The leaves have fallen, birds aren’t chirping and the sun is setting before rush hour. That only means one thing: football's chilly weather has officially arrived.
As the NFL postseason gets underway on Saturday you can definitely expect games being played in some very frigid environments.
Saturday's wild-card game between the Buffalo Bills and the New England Patriots could be one of the coldest matchups that we've seen in quite a while. Temperatures for the Saturday night contest look to be around 8 degrees during kickoff at Highmark Stadium in Buffalo.
That hasn't been the chilliest matchup we've seen, though. Here’s a look at nine of the coldest games in NFL history:
9. Raiders vs. Packers 1993, 0 degrees (wind chill -20)
The Los Angeles Raiders weren’t prepared for the Frozen Tundra in Week 17 of the 1993 season. Art Shell’s squad traveled to Lambeau Field and lost 28-0, allowing eight sacks and committing four turnovers against Reggie White and Co.

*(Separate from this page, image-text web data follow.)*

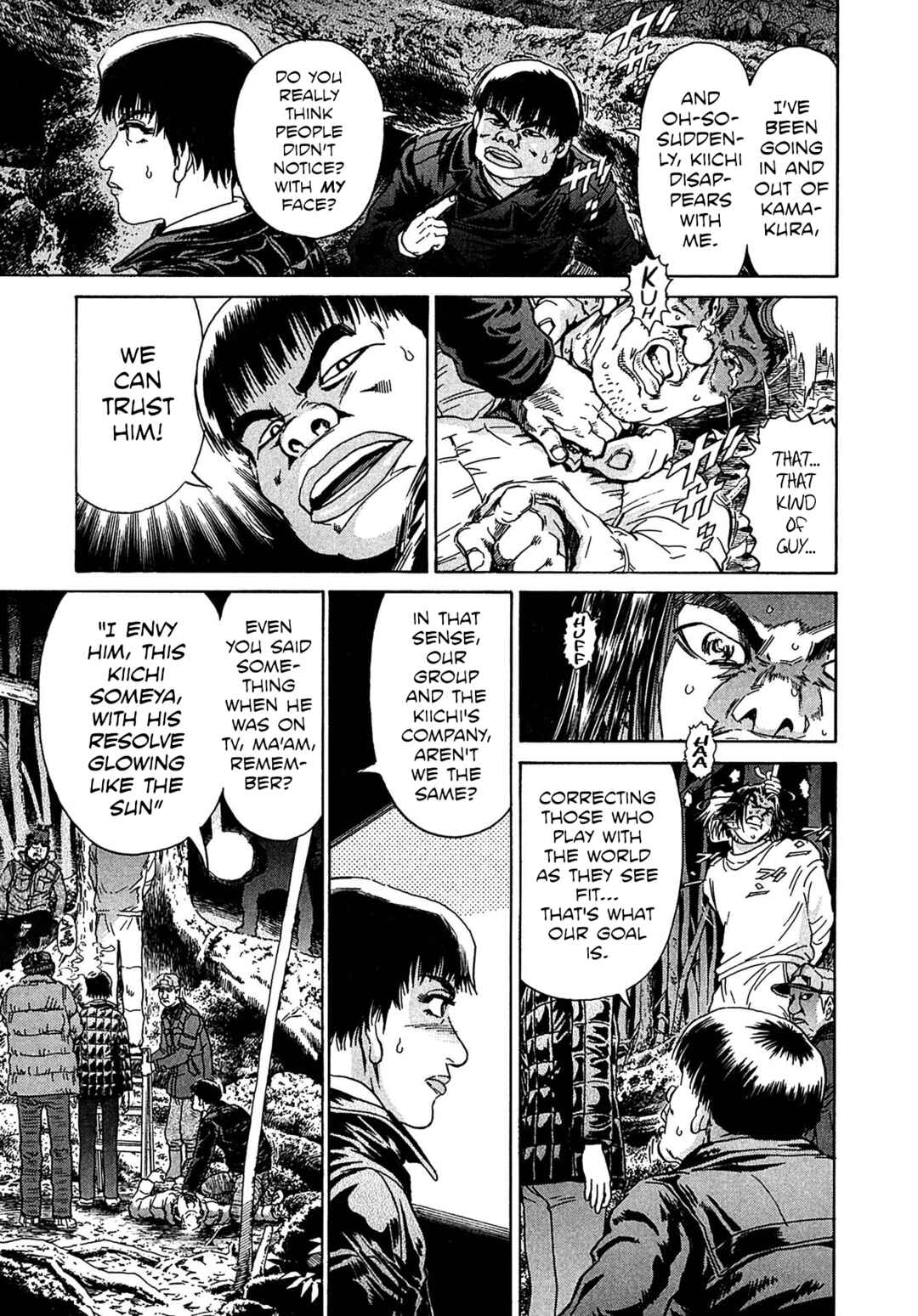 Page 9 Chapter 35 Kiichi VS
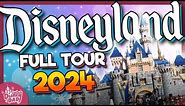 FULL Disneyland Tour 2024 | Every Land + SECRETS You Didn't Know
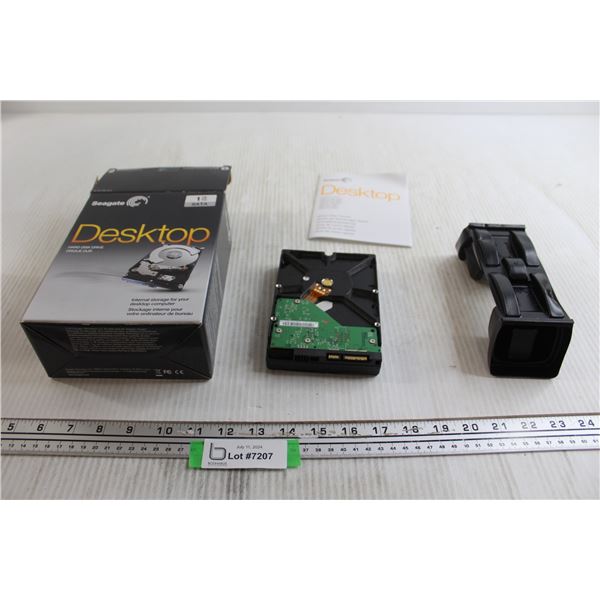 Seagate Desktop Hard Drive - Untested
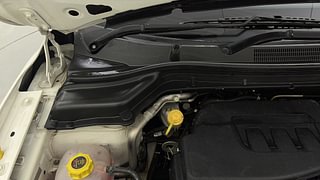 Used 2021 Mahindra XUV 300 W8 (O) Petrol Petrol Manual engine ENGINE RIGHT SIDE HINGE & APRON VIEW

8. Raiders vs. Bills 1994, 0 degrees (wind chill -32)
Just three weeks later, the Raiders unsuccessfully battled even colder temperatures. L.A. put up a better fight in this one but still lost to Buffalo 29-23. The Bills went on to win the AFC title a week later before losing in Super Bowl XXVIII to the Dallas Cowboys, their fourth straight Super Bowl loss.
7. Bears vs. Vikings 1972, -2 degrees (wind chill -15)
Both of these NFC North teams were used to cold weather coming into this Week 12 matchup, but nothing prepares you for -15 wind chill. The Vikings improved to 7-5 after a 23-10 victory over the Bears. Future Hall of Famer Fran Tarkenton had 261 passing yards and a touchdown for Minnesota.
6. Packers vs. Vikings 1972, -2 degrees (wind chill -19)
One week later, the chilly temps in Minneapolis only got colder. The Packers traveled to Metropolitan Stadium and defeated the Vikings 23-7. Green Bay threw just 14 passes compared to 45 rushing attempts in the victory.
5. Raiders vs. Browns 1981, -4 degrees (wind chill -36)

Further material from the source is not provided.